Carbonates do not affect P´s in any significant way, but a high Kh/bufferingcapacity makes your Ph hard/imposssible to alter in case you're not happy with it's reading.
5-10 dKh is in most cases fine for Ph-stabillity/ -controlability.
More than 15 dKh will make your Ph near impossible to change.
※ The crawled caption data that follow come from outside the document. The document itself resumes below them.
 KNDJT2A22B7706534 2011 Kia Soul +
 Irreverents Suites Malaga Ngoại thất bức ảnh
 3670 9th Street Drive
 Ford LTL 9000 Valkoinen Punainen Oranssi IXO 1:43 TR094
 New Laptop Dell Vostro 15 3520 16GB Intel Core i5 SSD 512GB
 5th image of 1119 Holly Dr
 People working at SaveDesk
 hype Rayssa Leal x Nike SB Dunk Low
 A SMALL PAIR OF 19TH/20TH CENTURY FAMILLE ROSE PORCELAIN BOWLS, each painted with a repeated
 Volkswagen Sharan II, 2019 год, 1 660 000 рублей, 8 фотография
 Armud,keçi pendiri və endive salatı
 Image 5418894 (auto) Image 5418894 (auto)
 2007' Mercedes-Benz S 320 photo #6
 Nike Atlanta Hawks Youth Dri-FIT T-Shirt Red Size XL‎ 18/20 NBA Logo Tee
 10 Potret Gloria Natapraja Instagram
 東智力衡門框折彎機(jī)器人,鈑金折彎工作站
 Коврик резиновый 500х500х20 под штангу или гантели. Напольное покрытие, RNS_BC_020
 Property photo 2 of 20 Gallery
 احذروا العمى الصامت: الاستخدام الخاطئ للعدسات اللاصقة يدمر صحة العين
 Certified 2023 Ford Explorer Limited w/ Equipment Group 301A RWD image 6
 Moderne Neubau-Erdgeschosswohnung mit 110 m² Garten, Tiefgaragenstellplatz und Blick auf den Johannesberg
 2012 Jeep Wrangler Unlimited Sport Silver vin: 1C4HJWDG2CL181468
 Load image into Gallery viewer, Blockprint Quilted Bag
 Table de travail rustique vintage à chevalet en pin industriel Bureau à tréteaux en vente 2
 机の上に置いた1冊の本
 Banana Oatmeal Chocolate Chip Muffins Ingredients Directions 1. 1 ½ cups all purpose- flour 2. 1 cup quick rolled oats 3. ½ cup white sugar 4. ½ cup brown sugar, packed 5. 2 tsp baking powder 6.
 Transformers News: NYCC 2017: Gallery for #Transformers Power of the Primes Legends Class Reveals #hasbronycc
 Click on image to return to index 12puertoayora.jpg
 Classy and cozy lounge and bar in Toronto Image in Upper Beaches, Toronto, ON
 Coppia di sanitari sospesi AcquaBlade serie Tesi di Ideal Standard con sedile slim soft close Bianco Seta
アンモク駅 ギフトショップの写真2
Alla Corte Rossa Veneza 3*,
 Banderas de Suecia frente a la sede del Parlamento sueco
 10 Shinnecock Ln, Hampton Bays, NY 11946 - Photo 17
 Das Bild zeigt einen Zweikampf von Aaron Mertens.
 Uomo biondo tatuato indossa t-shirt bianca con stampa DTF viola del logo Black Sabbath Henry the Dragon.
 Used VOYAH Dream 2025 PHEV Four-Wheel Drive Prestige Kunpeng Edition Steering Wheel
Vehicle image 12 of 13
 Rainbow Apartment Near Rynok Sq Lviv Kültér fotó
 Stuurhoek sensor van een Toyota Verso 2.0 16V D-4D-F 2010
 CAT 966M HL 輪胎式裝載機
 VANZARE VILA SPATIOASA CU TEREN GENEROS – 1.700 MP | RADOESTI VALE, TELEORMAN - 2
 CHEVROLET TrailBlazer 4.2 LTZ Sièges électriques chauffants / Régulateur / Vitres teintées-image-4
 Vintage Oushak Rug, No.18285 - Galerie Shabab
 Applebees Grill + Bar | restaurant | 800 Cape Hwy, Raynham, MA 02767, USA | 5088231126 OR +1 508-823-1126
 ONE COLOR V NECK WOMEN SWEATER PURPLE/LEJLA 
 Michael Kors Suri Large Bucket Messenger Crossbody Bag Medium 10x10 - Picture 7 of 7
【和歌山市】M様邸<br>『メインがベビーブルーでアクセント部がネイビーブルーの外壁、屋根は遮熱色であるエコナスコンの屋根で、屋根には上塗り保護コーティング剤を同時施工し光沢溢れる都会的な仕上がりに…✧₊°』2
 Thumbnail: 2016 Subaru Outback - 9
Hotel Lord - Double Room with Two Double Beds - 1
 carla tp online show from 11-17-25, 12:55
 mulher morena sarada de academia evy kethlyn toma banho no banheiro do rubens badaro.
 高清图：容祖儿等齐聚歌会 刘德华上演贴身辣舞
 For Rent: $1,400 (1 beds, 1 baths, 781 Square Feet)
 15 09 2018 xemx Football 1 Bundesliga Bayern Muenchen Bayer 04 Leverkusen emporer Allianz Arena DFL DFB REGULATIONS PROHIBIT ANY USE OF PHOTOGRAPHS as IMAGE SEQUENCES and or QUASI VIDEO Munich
P's will also tolerate a good deal of hardness to your water, but soft water will bring out their colours better, and may also stimulate growth-balance to some degree.
I keep my P's at 6-8 dGh, and I'm quite satisfied with the results I get from that.


----------



## kyle_5rb (Dec 20, 2004)

whoa, whoa.....ok what is dkh and dgh?, my test kit just says "KH and GH" and tests in [ppm], and holy sh*t!!!! it's saying like 120 ppm for KH and 150ppm for GH. what do i do? and i have a master test kit that comes with 2 Ph test kits, one for Ph and one for high range Ph. i used both and on the normal Ph tester it reads from 6.0-7.6 and im getting 7.6 and on the high range tester [7.4-8.8] im getting about 7.4-7.8 [the colours kinda in the middle, more toward the 7.4]


----------



## smithgrind_who (Mar 26, 2004)

Hey kyle_5rb, dKH and dGH are units of measurement known as German degrees. This unit can be converted to parts per million ( ppm ) by multiplying it by 17.83 mg. So, 150ppm of GH is equal to 8 dGH. FYI, 150ppm is equivalent to 150mg/L and some kits use this unit which are the same. As of your pH results, if you use test tubes be sure to clean them with aquarium water first. Cleaning them first will ensure more accurate results. Having a pH around 7.4-7.6 is not a bad level. Since your aquarium isn't a controlled experiment I wouldn't worry if your results are not the same but close is good.


----------



## Dr. Giggles (Oct 18, 2003)

Your GH and KH is fine for P's. I wish i had your KH. Mine is half yours. Most likely you will not have PH swings since your KH is measuring a good carbonate level in your water.


----------



## Feeding_Frenzy (Feb 12, 2005)

How do you raise and keep a steady kH?


----------